INSTRUCTIONS TO FOLLOW> From the line with "R1150R (R28) Кронштейны" to the end of the data below, restate each line word for word, both ends included, without the pictures.

GIVEN ENTRIES>
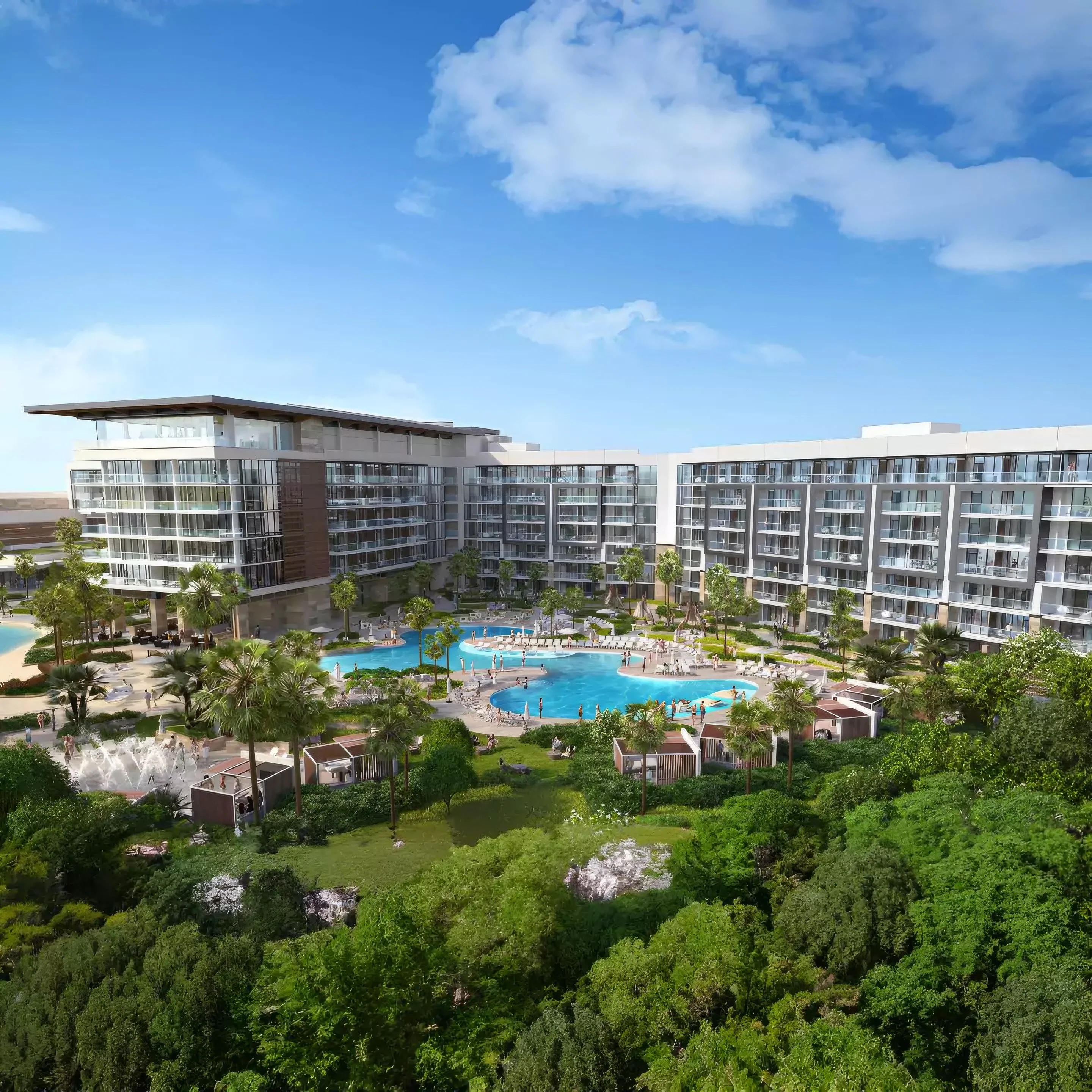 Evermore Orlando Resort, a $1.5 billion luxury development, opens in Lake Buena Vista, with 17-million-gallon lagoon and over 2,000 rooms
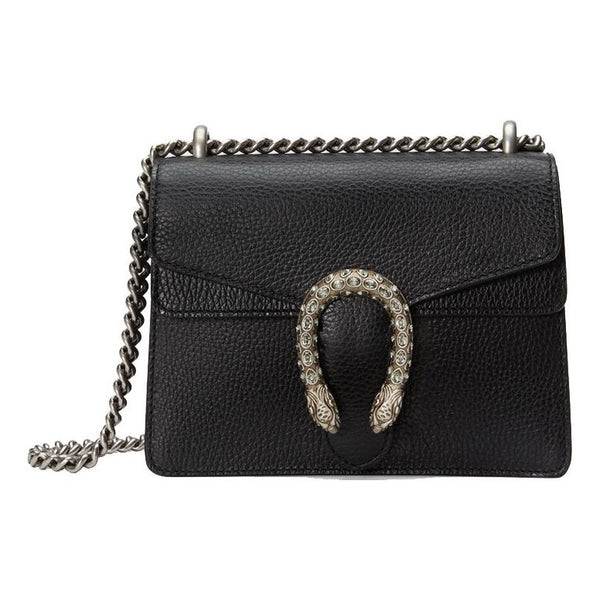 

Сумка dionysus leather mini handbag black Gucci, черный
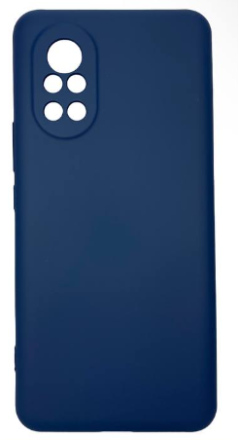  Накладка для Huawei Nova 8 Silicone cover без логотипа темно-синяя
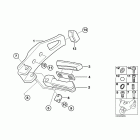 R1150R (R28) Кронштейны крепления  / задние подножки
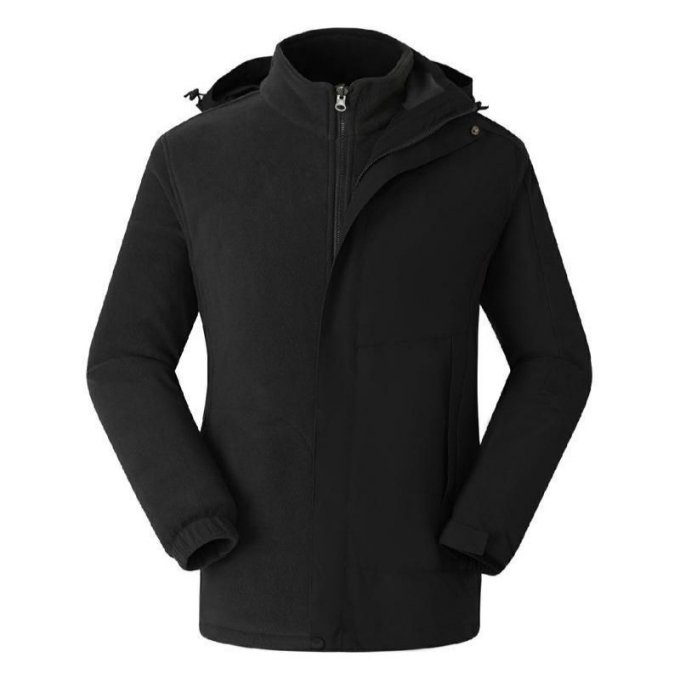 OEM custom winter puffer 3 in 1 down jacket outdoor waterproof windbreaker jackets lined detachable lightweight down jacket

ANSWER SPACE>
 R1150R (R28) Кронштейны крепления  / задние подножки
 OEM custom winter puffer 3 in 1 down jacket outdoor waterproof windbreaker jackets lined detachable lightweight down jacket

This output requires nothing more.